PROVIDED RECORDS:
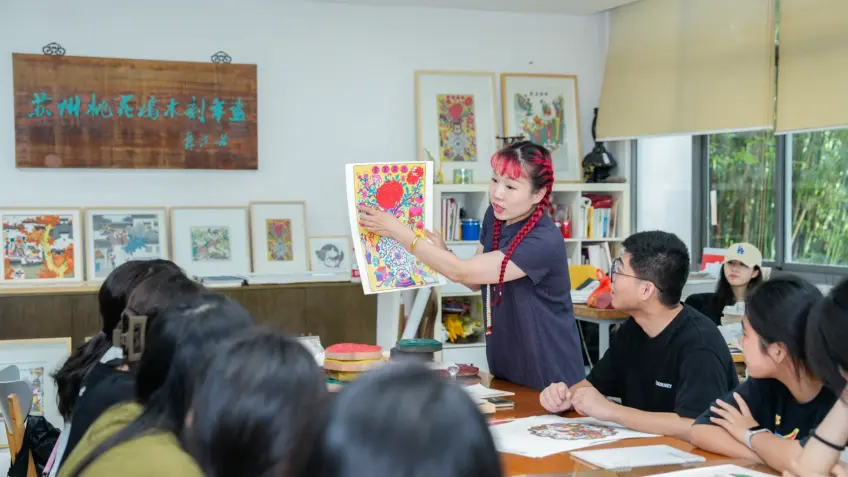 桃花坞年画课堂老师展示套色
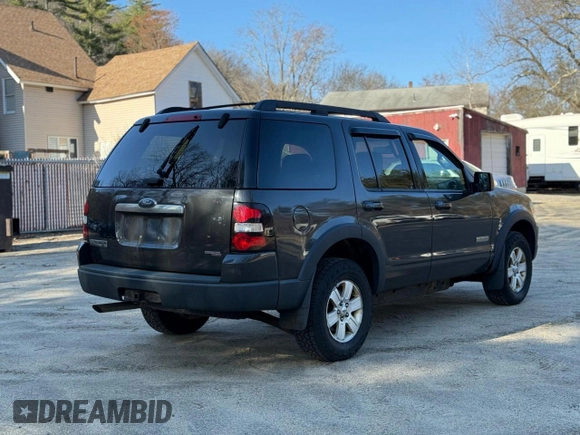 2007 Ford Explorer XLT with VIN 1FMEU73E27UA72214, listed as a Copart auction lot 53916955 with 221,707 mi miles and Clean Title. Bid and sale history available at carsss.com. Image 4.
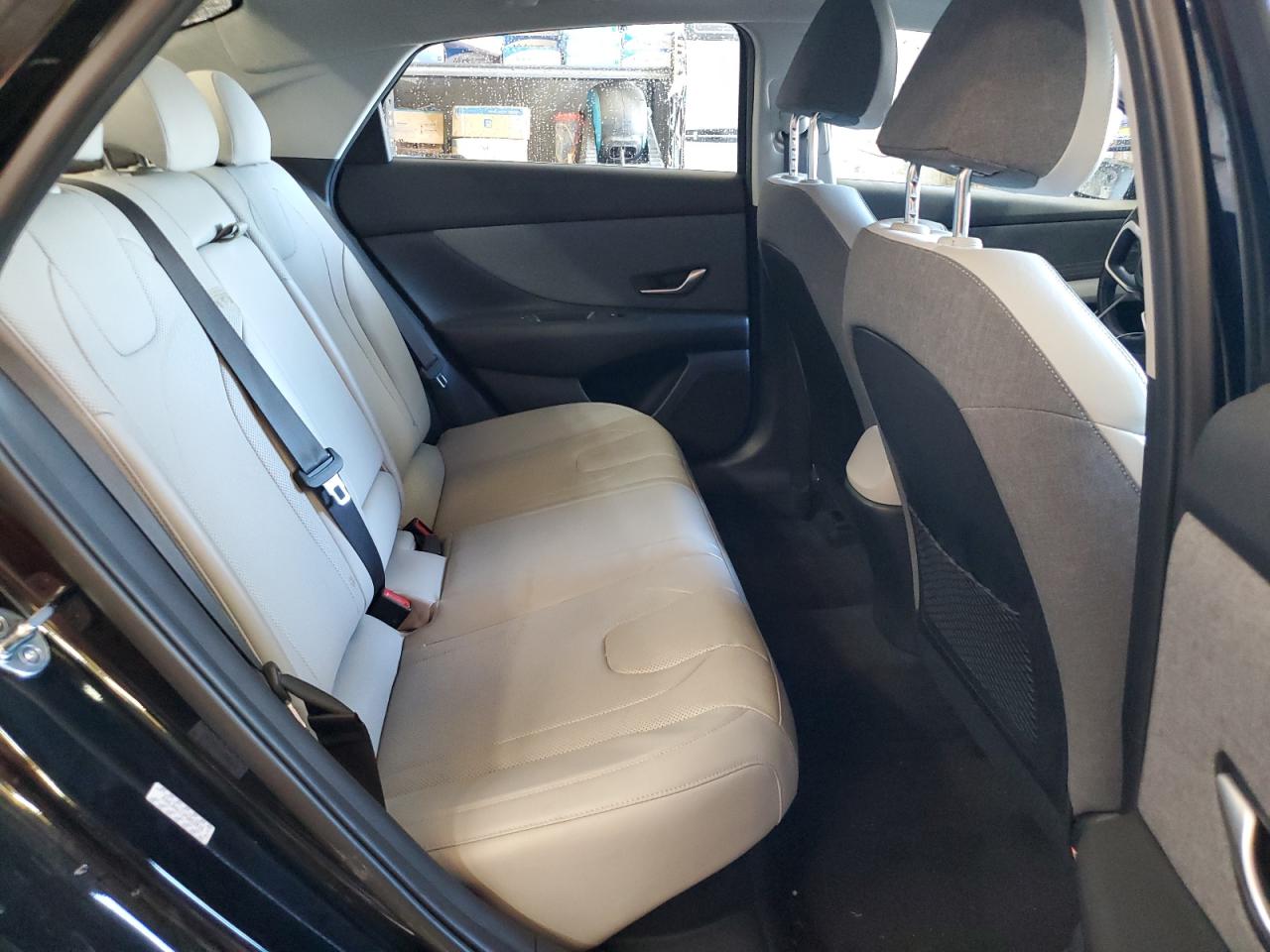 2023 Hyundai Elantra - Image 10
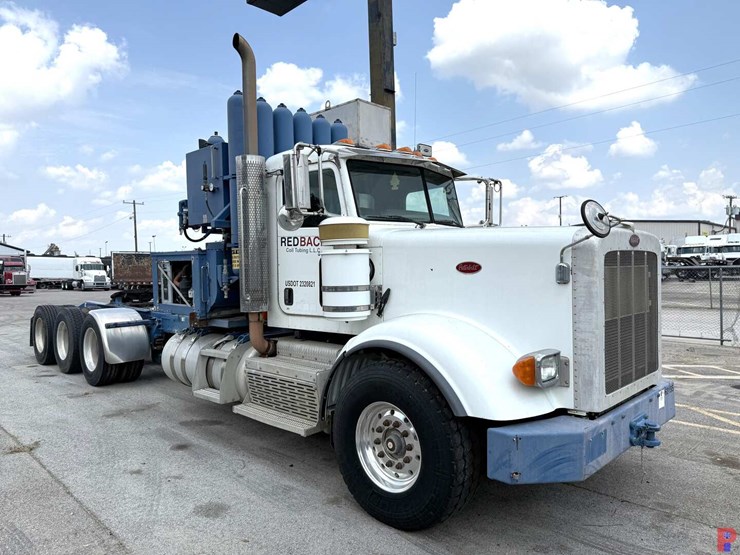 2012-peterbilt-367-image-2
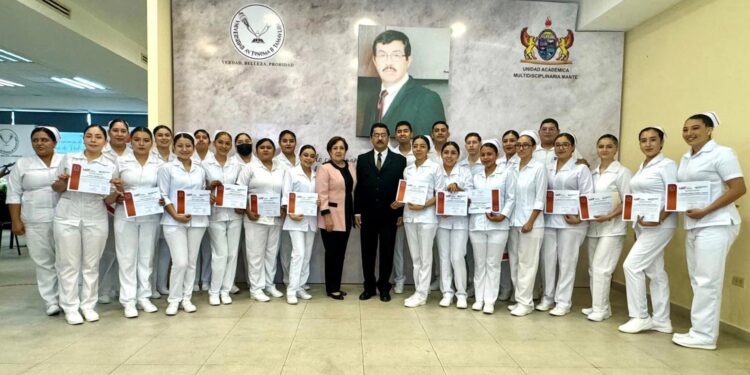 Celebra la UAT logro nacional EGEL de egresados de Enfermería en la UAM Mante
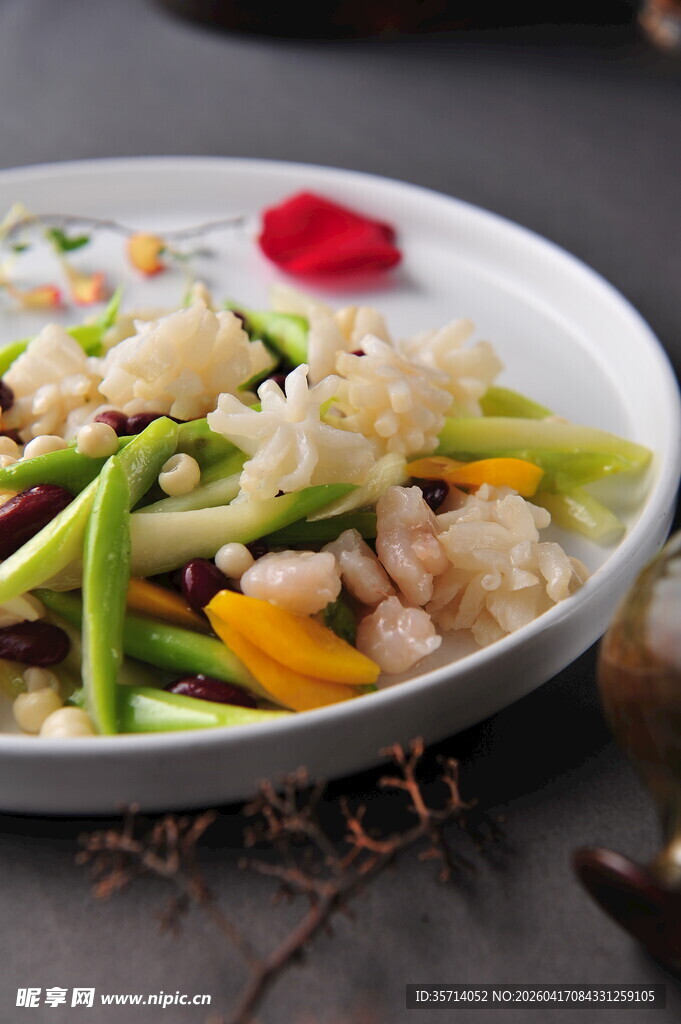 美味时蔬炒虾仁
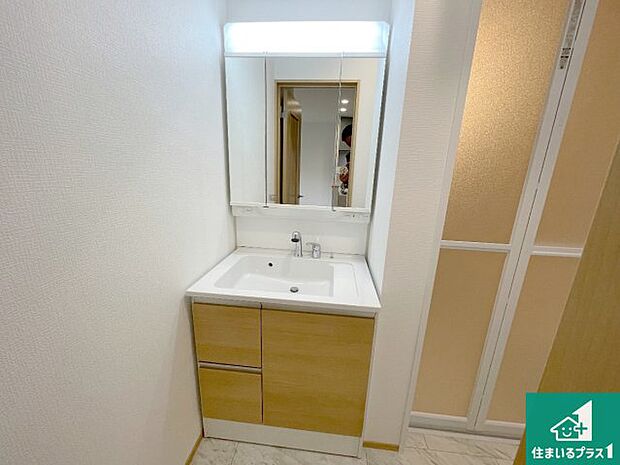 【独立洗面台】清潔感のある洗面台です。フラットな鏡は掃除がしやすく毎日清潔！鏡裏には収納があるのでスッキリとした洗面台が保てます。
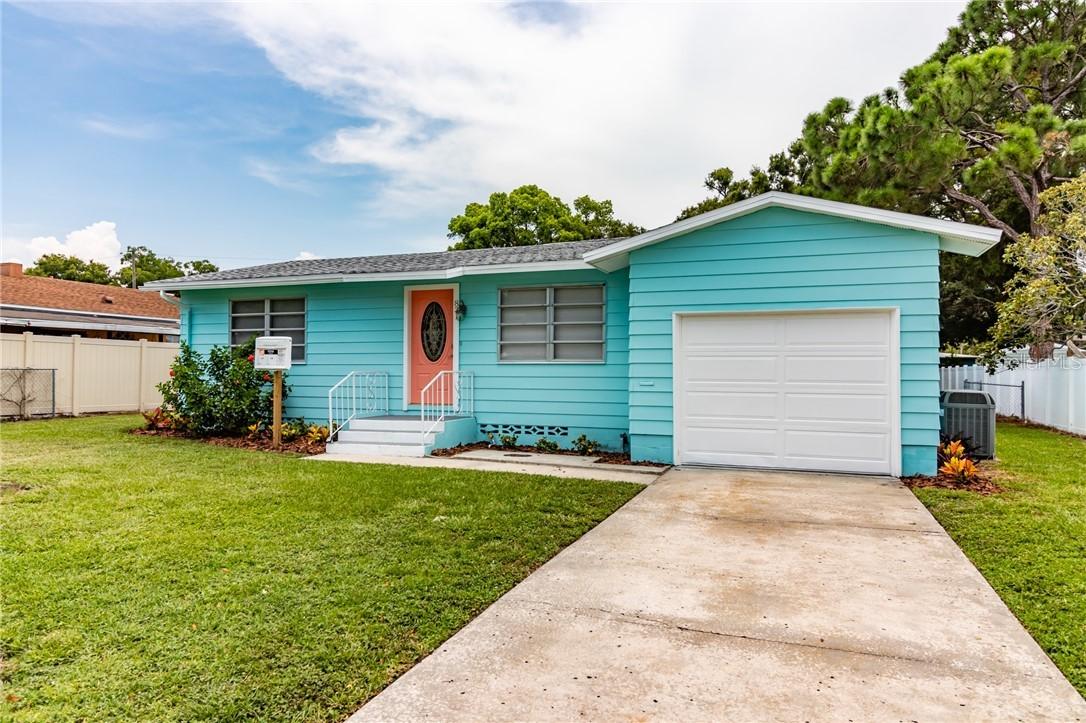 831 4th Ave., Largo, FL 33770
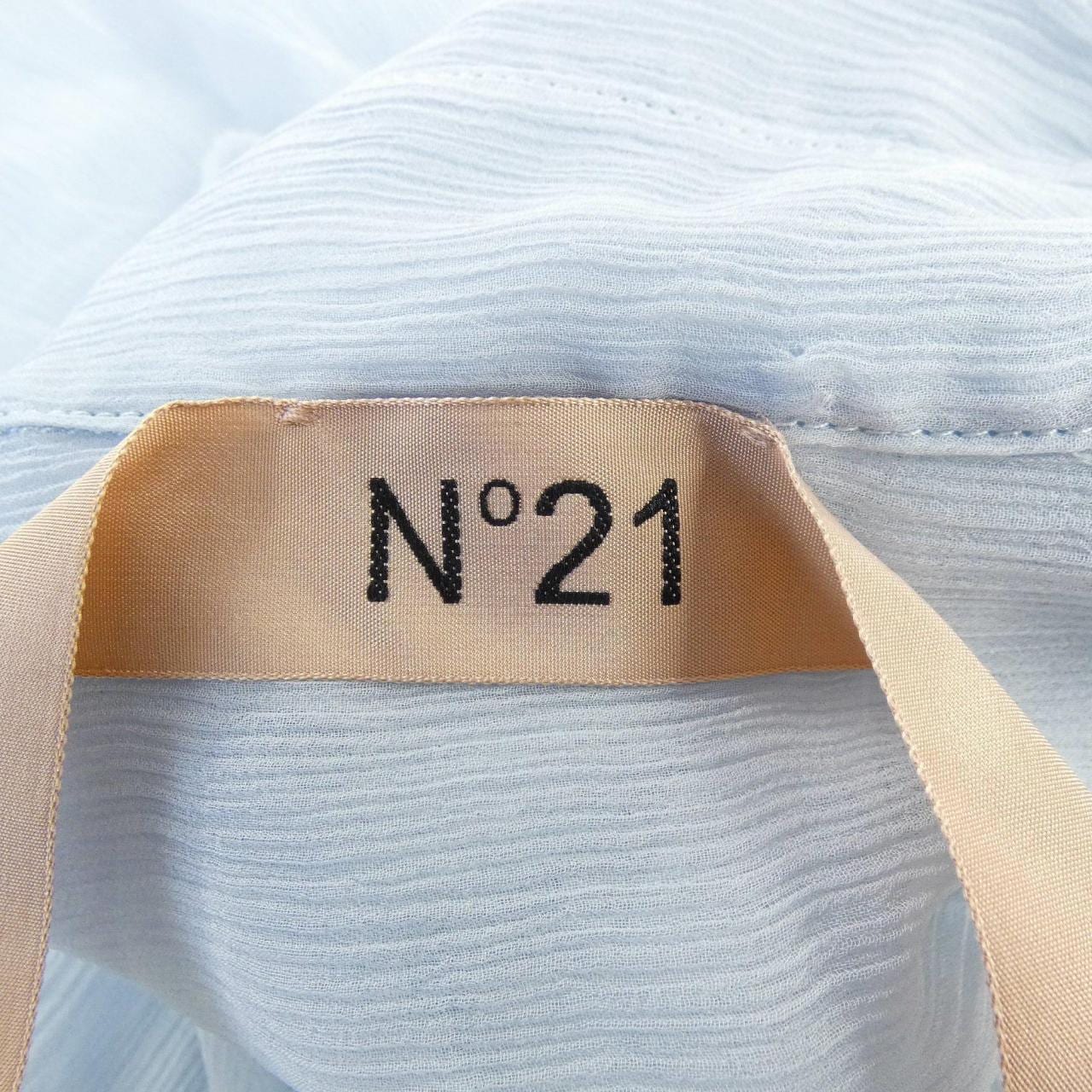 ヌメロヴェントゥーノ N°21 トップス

TASK TO COMPLETE:
Could you output every entry exactly as written, skipping the pictures?

RESPONSE:
 桃花坞年画课堂老师展示套色
 2007 Ford Explorer XLT with VIN 1FMEU73E27UA72214, listed as a Copart auction lot 53916955 with 221,707 mi miles and Clean Title. Bid and sale history available at carsss.com. Image 4.
 2023 Hyundai Elantra - Image 10
 2012-peterbilt-367-image-2
 Celebra la UAT logro nacional EGEL de egresados de Enfermería en la UAM Mante
 美味时蔬炒虾仁
 【独立洗面台】清潔感のある洗面台です。フラットな鏡は掃除がしやすく毎日清潔！鏡裏には収納があるのでスッキリとした洗面台が保てます。
 831 4th Ave., Largo, FL 33770
 ヌメロヴェントゥーノ N°21 トップス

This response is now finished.